At Lexington green, just as the sun came up, the advance British forces encountered the first of Revere’s alerted Minutemen led by a grizzled Indian fighter named John Parker.  77 minutemen stood in formation on the green nervously facing a representation of the most powerful military on earth, led by Major Pitcairn of the Royal Marines, who demanded the “rebels” immediately disarm and disperse.  Parker, fully aware of the gravity of the moment and the importance of how it had to evolve to secure the right side of history, had told his men earlier,  “Stand your ground. Don’t fire unless fired upon. But if they want to have a war, let it begin here.”  There appeared to be a brief moment of indecision as both sides realized what might result from a mistake, but a shot rang out, and the British fired a point blank volley into the Americans.  The damage was done. 8 Americans lay dead or dying and the British moved in and bayonetted.  The minutemen dispersed and retreated to Concord.  The British marched on to Concord and soon realized they were in a world of trouble.  Initially the town allowed them to search uninhibited, but it was obvious that the weapons stores had already been removed, and the British became frustrated and burned downed several structures in town.  British detachments moved to secure the bridges into town, and at the Old North Bridge it became clear the honeybees were being replaced by hornets.  Minutemen were waiting for them on the bridge, and this time they didn’t just accepted the punishment delivered at Lexington.  The volley was returned, and this time there were dead on both sides. As Ralph Waldo Emerson famously described,

By the rude bridge that arched the flood
Their flag to freedom’s breeze unfurled
Here once the embattled farmers stood
And fired the shot heard’round the world

The British retreated, and it became apparent that a potential calamity was underway.  The officers began to retreat back toward the safety of Boston, and the extent of the hornet’s nest they had kicked over became apparent.  The march back to Boston became a Hell’s road, facing a fully aroused guerrilla force, having been made aware of the morning’s events and sacrifices, that sought nothing short of full annihilation of the 700.  Behind every rock and tree for twenty miles, a diffuse force of militia trained in the savage warfare of the Indian conflicts, snippered, ambushed, and harassed the beleaguered British force to massive loss, saved only by a rescue force from Boston that brought heavy artillery and cavalry to bear.  The proud British force had been decimated with 0ver 250 casualties compared to 88 for the American militia, and came within an eye-blink of complete annihilation.  The British, who hoped to assert complete authority, now found themselves under siege in Boston ringed by an entire countryside of furious hostility.

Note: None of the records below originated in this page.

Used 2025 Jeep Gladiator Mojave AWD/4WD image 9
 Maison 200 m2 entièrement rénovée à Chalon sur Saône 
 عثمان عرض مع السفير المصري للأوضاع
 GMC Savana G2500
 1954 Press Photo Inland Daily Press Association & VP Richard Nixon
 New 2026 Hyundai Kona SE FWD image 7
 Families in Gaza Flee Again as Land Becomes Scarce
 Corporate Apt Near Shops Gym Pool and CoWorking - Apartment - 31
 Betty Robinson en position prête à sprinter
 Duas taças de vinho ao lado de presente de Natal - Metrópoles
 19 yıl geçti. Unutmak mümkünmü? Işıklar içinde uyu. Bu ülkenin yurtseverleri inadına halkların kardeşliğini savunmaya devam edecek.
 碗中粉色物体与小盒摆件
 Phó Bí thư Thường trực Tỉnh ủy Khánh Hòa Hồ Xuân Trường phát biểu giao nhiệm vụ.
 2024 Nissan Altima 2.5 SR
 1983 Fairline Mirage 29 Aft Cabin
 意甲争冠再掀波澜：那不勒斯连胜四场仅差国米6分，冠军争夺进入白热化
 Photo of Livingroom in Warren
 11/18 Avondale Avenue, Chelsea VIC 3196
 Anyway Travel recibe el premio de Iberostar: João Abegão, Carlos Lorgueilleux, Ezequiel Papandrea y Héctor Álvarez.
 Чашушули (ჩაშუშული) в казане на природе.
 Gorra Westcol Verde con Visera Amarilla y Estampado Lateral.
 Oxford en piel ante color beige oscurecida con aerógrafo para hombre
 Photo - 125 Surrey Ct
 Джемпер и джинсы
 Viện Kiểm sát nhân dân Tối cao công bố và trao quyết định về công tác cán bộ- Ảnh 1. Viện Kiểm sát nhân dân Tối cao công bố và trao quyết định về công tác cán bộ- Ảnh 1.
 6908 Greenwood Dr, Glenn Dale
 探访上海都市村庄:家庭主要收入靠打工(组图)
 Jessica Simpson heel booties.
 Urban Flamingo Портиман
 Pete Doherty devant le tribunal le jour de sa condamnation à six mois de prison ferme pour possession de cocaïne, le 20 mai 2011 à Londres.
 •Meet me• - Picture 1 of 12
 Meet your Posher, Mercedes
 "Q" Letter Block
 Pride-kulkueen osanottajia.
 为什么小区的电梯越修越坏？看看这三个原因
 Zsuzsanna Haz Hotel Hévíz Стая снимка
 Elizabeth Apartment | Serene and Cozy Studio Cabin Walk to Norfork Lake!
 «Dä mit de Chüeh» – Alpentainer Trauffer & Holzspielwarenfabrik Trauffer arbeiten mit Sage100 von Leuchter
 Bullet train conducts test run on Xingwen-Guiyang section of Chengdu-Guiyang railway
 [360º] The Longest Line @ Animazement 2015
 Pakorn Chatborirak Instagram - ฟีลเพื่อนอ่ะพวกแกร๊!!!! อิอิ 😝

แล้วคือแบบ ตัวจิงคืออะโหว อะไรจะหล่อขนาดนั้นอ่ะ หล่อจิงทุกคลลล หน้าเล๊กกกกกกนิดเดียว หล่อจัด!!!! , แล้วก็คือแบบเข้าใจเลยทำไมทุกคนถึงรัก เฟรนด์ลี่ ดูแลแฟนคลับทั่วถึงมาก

There was no going back from the brink, and the whirlwind was unleashed.  The fighting was more savage than anyone could have predicted, and the losses stunning to the British. The Americans recognized the next battles would be of epically greater scale and began to form a Continental Army led by a Virginian named George Washington.   The British saw that this was no longer a mob action led by a small minority, but a growing fire that could consume their hard won dominance in North America.

It would take 8 years of incredible sacrifice, amazing moments of heroism and initiative, epic mistakes, and a level of savagery of relative against relative that would presage the Civil War 80 years later.  At the end of it all stood a dream and a promise, of equality of men, freedom of thought, and liberty in action that is as close to anything that man can claim as inspired greatness.  On the 241st anniversary of the April events that shook the world at its foundations, we can only gaze in awe of the tiny contingent of brave men who stood their ground in a little town in Massachusetts  and were willing to make such an ultimate sacrifice, on the sliver of faith that a promise could support a dream and create a better world.  The impossible was made the possible, and the possible, happened.  The dream and the promise held by common men were able to surmount the greatest military force of their time and turn the world upside down.  Some felt it was Divine providence; it amazed even the most secular of men, when they looked back and realized what had transpired. As fellow Virginian John Page wrote to Thomas Jefferson after the after the Declaration of Independence was signed:

We know the race is not to the swift nor the battle to the strong. Do you not think an angel rides in the whirlwind and directs this storm?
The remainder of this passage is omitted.